Nigeria’s petroleum products marketers and retailers imported a total of 154.22 million litres of premium motor spirit (PMS) between March 17 and 23, 2025, according to data from the Nigerian Port Authority (NPA).
This development highlights a shift in sourcing strategies as marketers increasingly look beyond the Dangote Refinery for fuel supplies.
Key Details:
- Import Volume: The 154.22 million litres of PMS were brought in through seven vessels carrying 115,000 metric tonnes of fuel. These vessels berthed at major seaports, including the Tincan Port and Lekki Deep Seaport in Lagos, as well as the Calabar Port in Cross River State.
- Dangote Refinery’s Role: The Dangote Refinery, which has a capacity of 650,000 barrels per day, has recently suspended sales of petroleum products in naira due to stalled renegotiations of the naira-for-crude deal with the Nigerian National Petroleum Company (NNPC). This has prompted marketers to seek alternative sources for fuel imports.
- Market Dynamics: The suspension of the naira-for-crude deal has created a gap in local supply, leading to increased reliance on imported fuel. The Nigerian Midstream and Downstream Petroleum Regulatory Authority (NMDPRA) noted that local refineries, including Dangote Refinery, currently meet less than 50% of the nation’s daily petrol consumption.

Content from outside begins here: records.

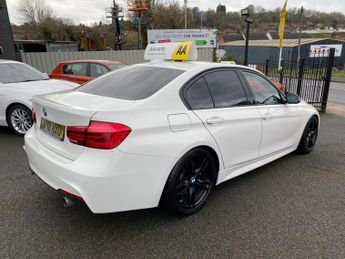 BMW 3 SERIES 3.0 340i M Sport Saloon 4dr Petrol Auto Euro 6 (s/s) (326 ps)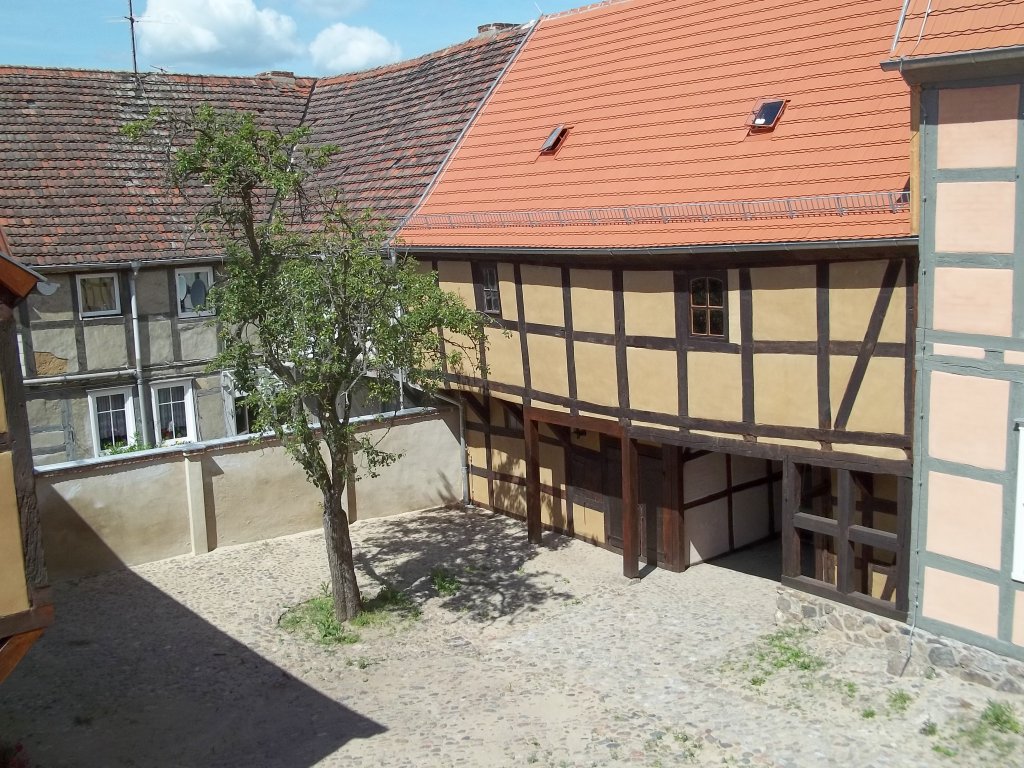 Wusterhausen/Dosse, Am Markt 3 ( Herbst'sches Haus ), Hof mit Nebengebuden (28.05.2011)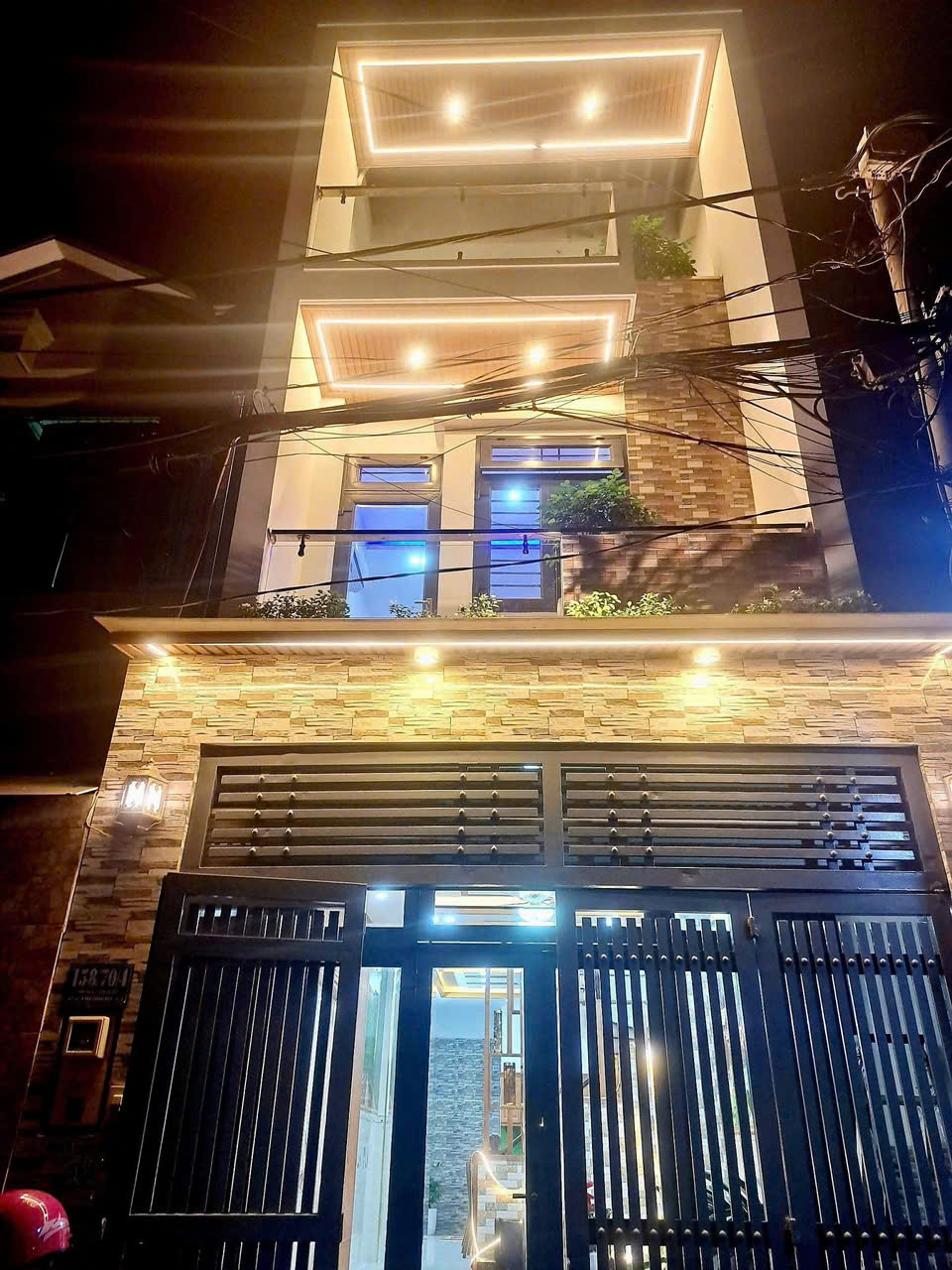 z6666517609739_520811805fe22d423425921d8ed48be2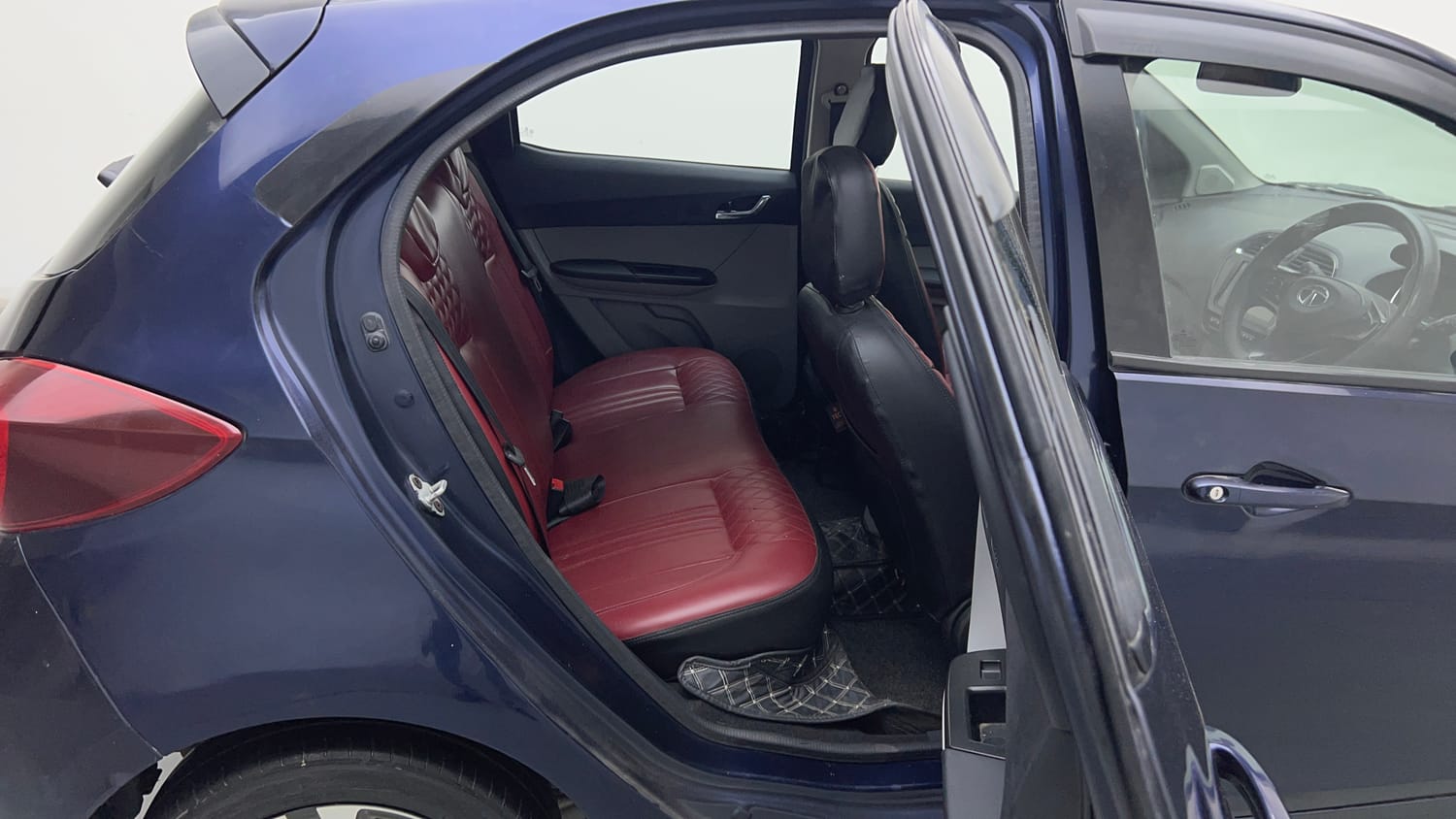 Used 2021 Tata Tiago XZ Plus Petrol Manual interior RIGHT SIDE REAR DOOR CABIN VIEW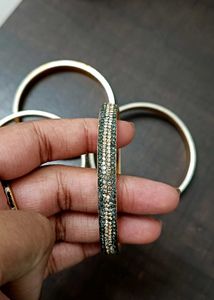 Set of 4 Stone Bangles
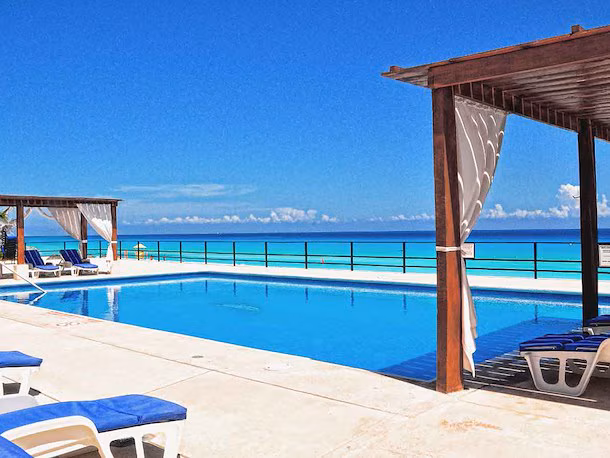 Flamingo Cancun Resort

- Economic Implications: The shift to imported fuel has raised concerns about the impact on fuel prices and the broader economy. The landing cost of imported PMS has dropped to between ₦774 and ₦797 per litre, while the ex-depot price of Dangote Refinery’s products remains higher, at ₦815 to ₦825 per litre.
This surge in imports underscores the challenges facing Nigeria’s downstream oil sector, as stakeholders navigate supply chain disruptions and policy uncertainties.